I detailed a few weeks ago, when Chien Ming Wang went back on the DL, how I thought that Joe Girardi had dropped the ball with regard to managing his bullpen. I explained how I thought Girardi could have used Phil Hughes more liberally, for longer outings, to keep him closer to being ready for a job as a starting pitcher, should the need arise.

At the time, Alfredo Aceves was being called upon as a spot starter, though without any intention of him being the long-term solution. Aceves gave up four runs (three earned) in 3.1 innings and promptly returned to the bullpen. The Yankees won that game, as they seemingly always do against Minnesota, so nobody got too bent out of shape about the poor start.

The next time the Yankees needed a #5 starter, they called upon AAA re-tread Sergio Mitre, who's 28 years old and whose last good season was, well, never. He spent four years bouncing up and down from AAA to the majors with the Cubs and later the Marlins from 2003-2006, never pitching more than 60 innings and never posting an ERA below 5.37. His best year came in 2007 when he pitched 149 innings with a 4.65 ERA and went 5-8.

Hardly awe inspiring. He then missed all of 2008 following Tommy John surgery and has pitched well in the minors this year, but is nobody's idea of a long-term rotation solution for a team trying to win a World Series. Well, maybe his own, but nobody else's.

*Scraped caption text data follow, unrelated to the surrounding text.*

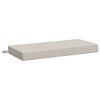 vidaXL Almofada de Banco SOEST 100% Poli&eacute;ster Branco 60 x 40 x 8 cm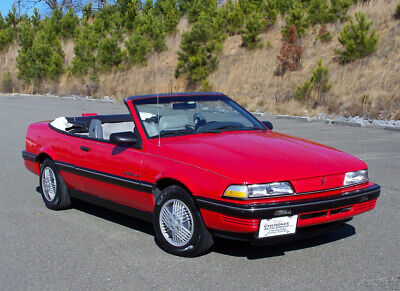 Pontiac-Sunbird-Cabriolet-1990-Red-Gray-168226-2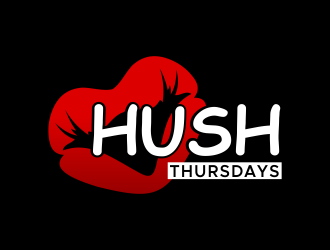 HUSH Thursdays logo design by done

True to form, Mitre pitched 5.2 innings and gave up four runs (three earned), but he got the win, which of course is the point. It's possible that he's going to improve as he gets more experience, that he might even be a better pitcher than he was before the surgery, not that this is saying much, but of course it's more likely that he'll continue to pitch 5 innings and give up four runs more often than not, which is not acceptable.

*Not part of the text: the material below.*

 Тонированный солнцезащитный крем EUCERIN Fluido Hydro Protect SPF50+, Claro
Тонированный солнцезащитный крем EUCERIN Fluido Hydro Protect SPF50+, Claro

In the meantime, Girardi still hasn't figured out that the solution to his problem is right there, under his nose, in the Yankee bullpen: Phil Hughes.

Following Wang's return to the DL on July 6th, Hughes was used for just 12 pitches on the 8th, 19 pitches on the 9th, and then 26 pitches on the 12th, just before the All-Star break. After the break, Hughes pitched two innings on July 17th, throwing 40 pitches in relief of A.J. Burnett against the Tigers, and got the Win.

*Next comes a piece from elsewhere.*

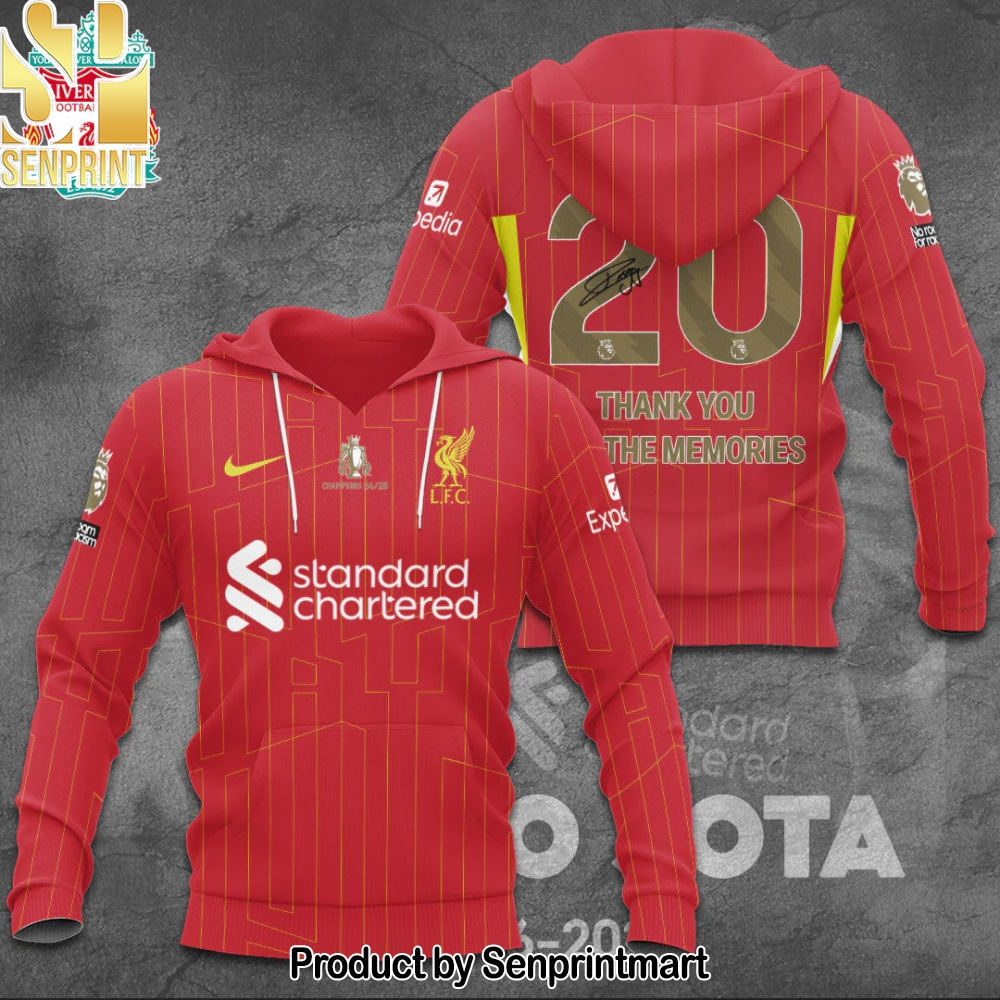 Diogo Jota Thank You For The Memories LFC 2025 Hoodie – Sports Fan Outfit 2599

At this point Hughes seemed to be on track to become a starter again. He had increased his pitch count in each of his last four outings, and was now up to a little less than half of what would be expected of him as a starter. But then Girardi inexplicably pulled back the reins.

Two days later, he brought Hughes into the 8th inning of a 2-1 game against Detroit and allowed him to retire the side before bringing in Mariano Rivera for the Save, even though Mo had pitched two days in a row already. That's OK for Rivera, who's certainly capable of that, but there's no reason that Mo has to get the Save, is there? Other than tradition?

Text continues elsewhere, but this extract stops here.